We should also mention that all of these workouts need to be downloaded first, so it's something to be aware of if you're trying it out somewhere that doesn't have an internet connection.
Once you're good to go, Moov will need to determine your average heart rate and heart rate zones and then prompt you to pair the sensor, which can be done with a gentle tap. You should then see a reading to indicate whether you've got the headband on correctly. If you're going to do a circuit workout, you'll be able to follow exercises on your phone or tablet with a set of colours down the side of the screen and a hovering cursor that indicates your current heart rate zone. If you're doing an indoor cycling session, things will look slightly different. You'll have to swipe through multiple screens to see current heart rate zone and the target zone.

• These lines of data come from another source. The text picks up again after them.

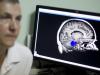 Мозговой штурм: как защититься от инсульта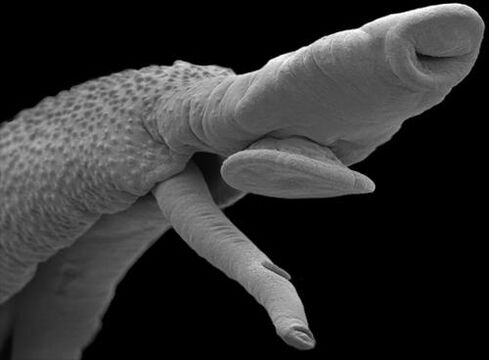 Parasitorganismus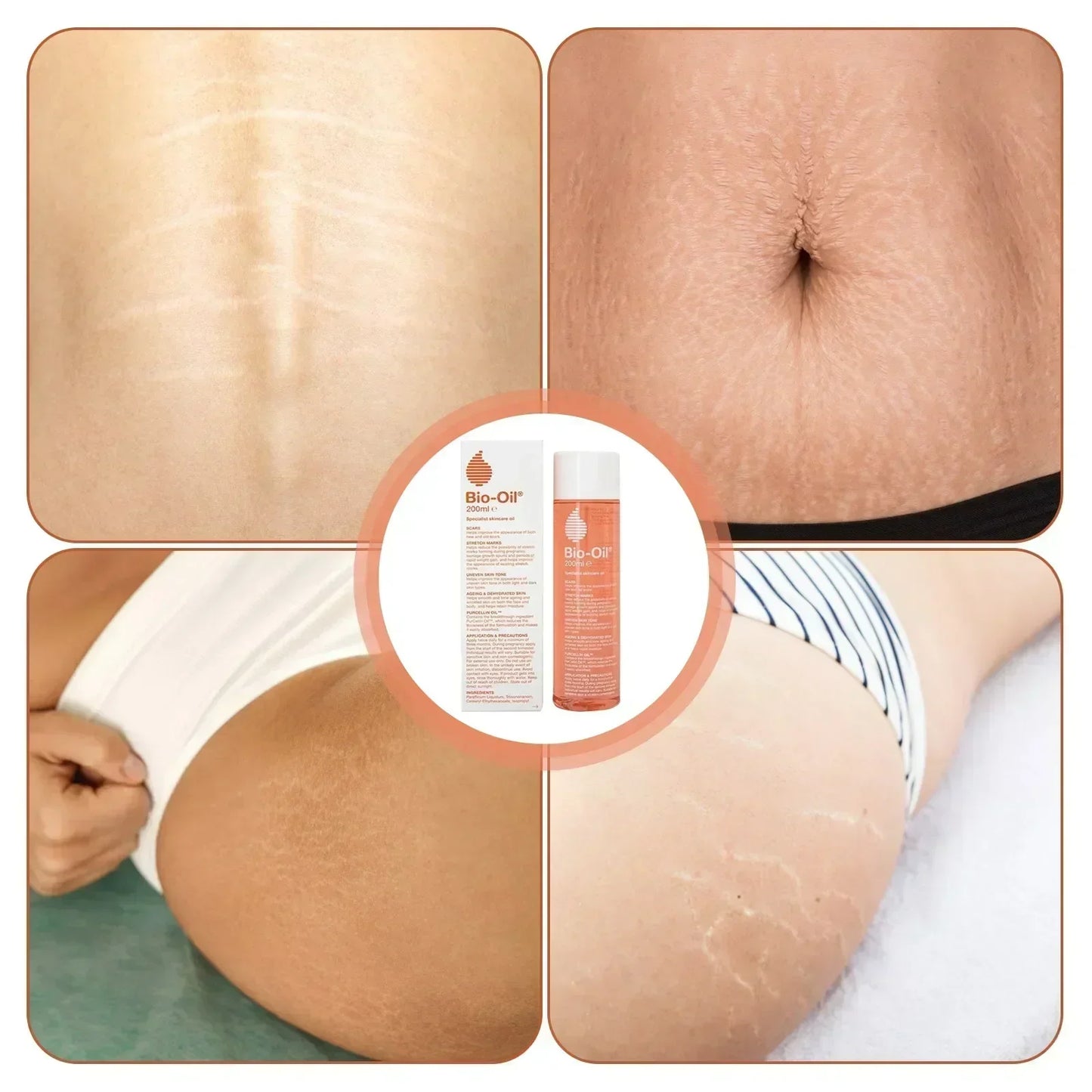 Bio-essential Oil Is Gentle and Non-irritating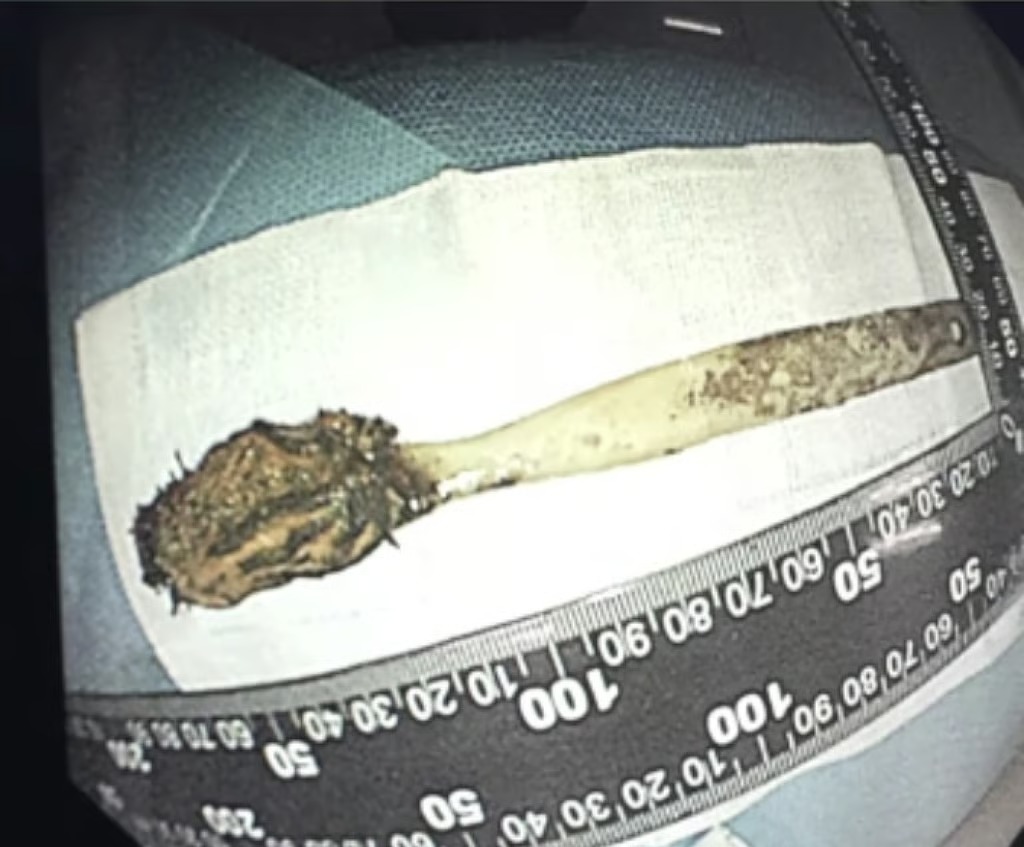 Người đàn ông nuốt nhầm nhiệt kế, 20 năm sau mới 'tá hoả' phát hiện khi đi khám đau bụng - Ảnh 2. nhiệt kế - Ảnh 2.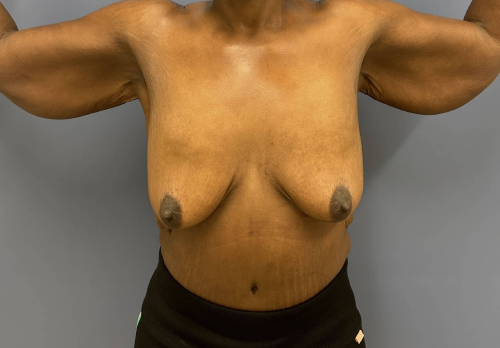 image before arm lift - bra line back lift front view case 6675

One of the reasons we love the Moov ecosystem is the real-time coaching and once again it shines on the Sweat HR. It'll prompt you with advice on how to get up to the required heart rate zone and how to correctly recover between intervals. It's particularly good for HIIT running and cycling where it will tell you to increase cadence or intensity to be able to comfortably get up to the next target interval zone. If you want to be pushed, the Sweat HR will work you hard and we can guarantee you will feel that burn. It's tough, but you know that you've had a good workout afterwards. If we have one criticism of the coaching it's the rather robotic tone of the coach, which can feel quite tiresome and irritating, especially when it delivers instructions in quick succession.
As far as working out with the headband on goes, it's undeniably a different experience from a watch or a chest strap. It's generally quite comfortable and doesn't move around, but when you start to get a sweat on, there is the temptation to take it off as it can get a little warm under there.
While we found the headband a little irritating when running outside, it came into its own during spin class workouts. During the intensity of a HIIT workout, we found the band did a good job of mopping up sweat. It's very much down to personal opinion.
Moov HR Sweat: HR Accuracy
So this is the big thing. Can Moov deliver on the accuracy front? The answer is yes. If you've got it positioned correctly, we found it was up there with the data from a chest strap. We put it up against the Polar H10 and the heart rate monitor on the Garmin Forerunner 935, and whether it was cycling, bodyweight workouts or running, it was at most one or two bpms out. Most of the time it was spot on, as you can see from screens below.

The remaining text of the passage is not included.